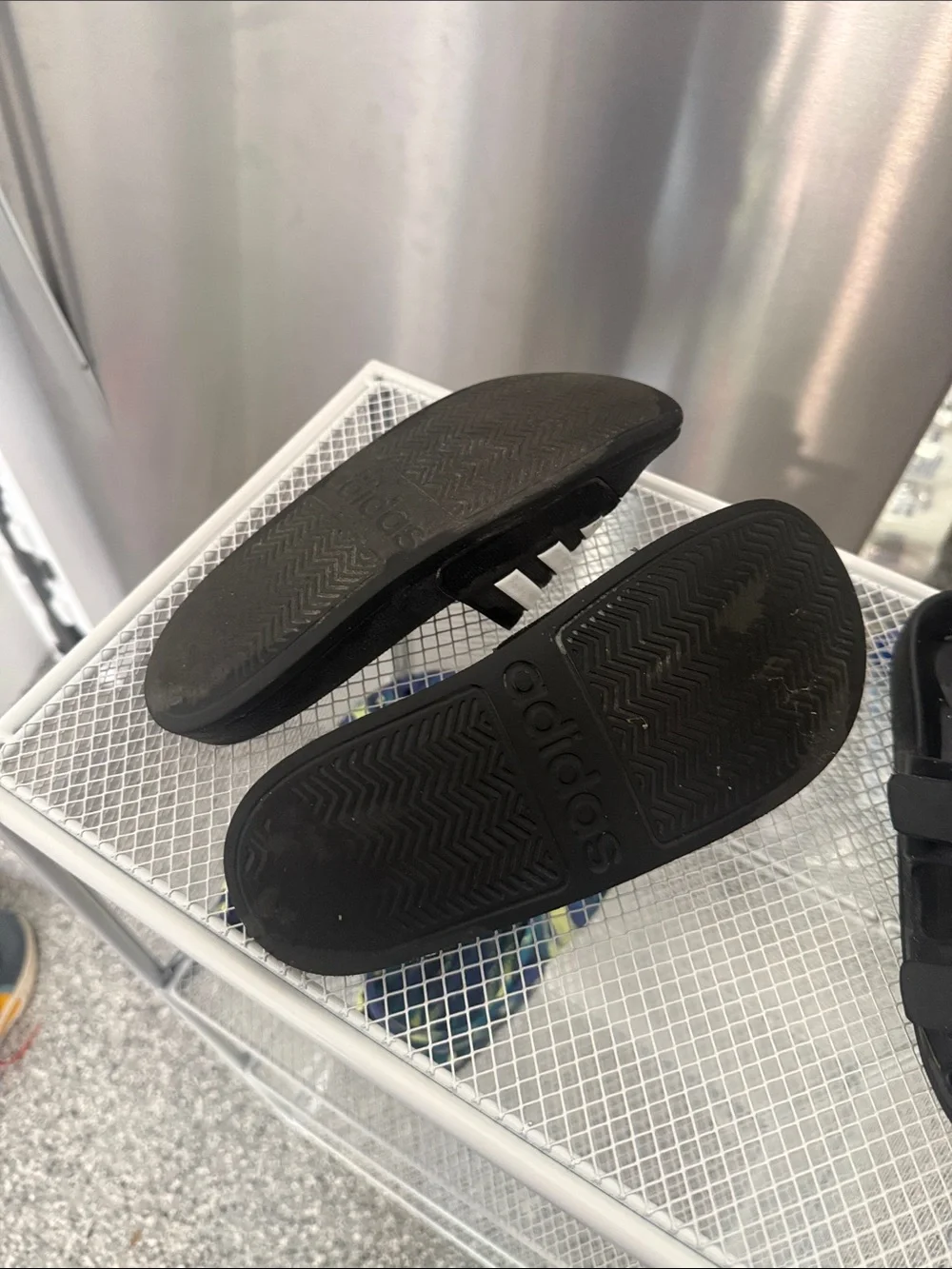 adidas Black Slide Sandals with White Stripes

******

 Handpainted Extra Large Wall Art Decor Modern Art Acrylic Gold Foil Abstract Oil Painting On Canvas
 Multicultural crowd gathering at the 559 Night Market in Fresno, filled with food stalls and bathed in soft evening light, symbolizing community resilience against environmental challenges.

******

▶ _Exercise details_
Your task is to transcribe, with no changes, only the lines of the listing above that lie between the line holding "Handpainted Extra Large" and the line holding "Multicultural crowd gathering", inclusive.

▶ _Written reply_
 Handpainted Extra Large Wall Art Decor Modern Art Acrylic Gold Foil Abstract Oil Painting On Canvas
 Multicultural crowd gathering at the 559 Night Market in Fresno, filled with food stalls and bathed in soft evening light, symbolizing community resilience against environmental challenges.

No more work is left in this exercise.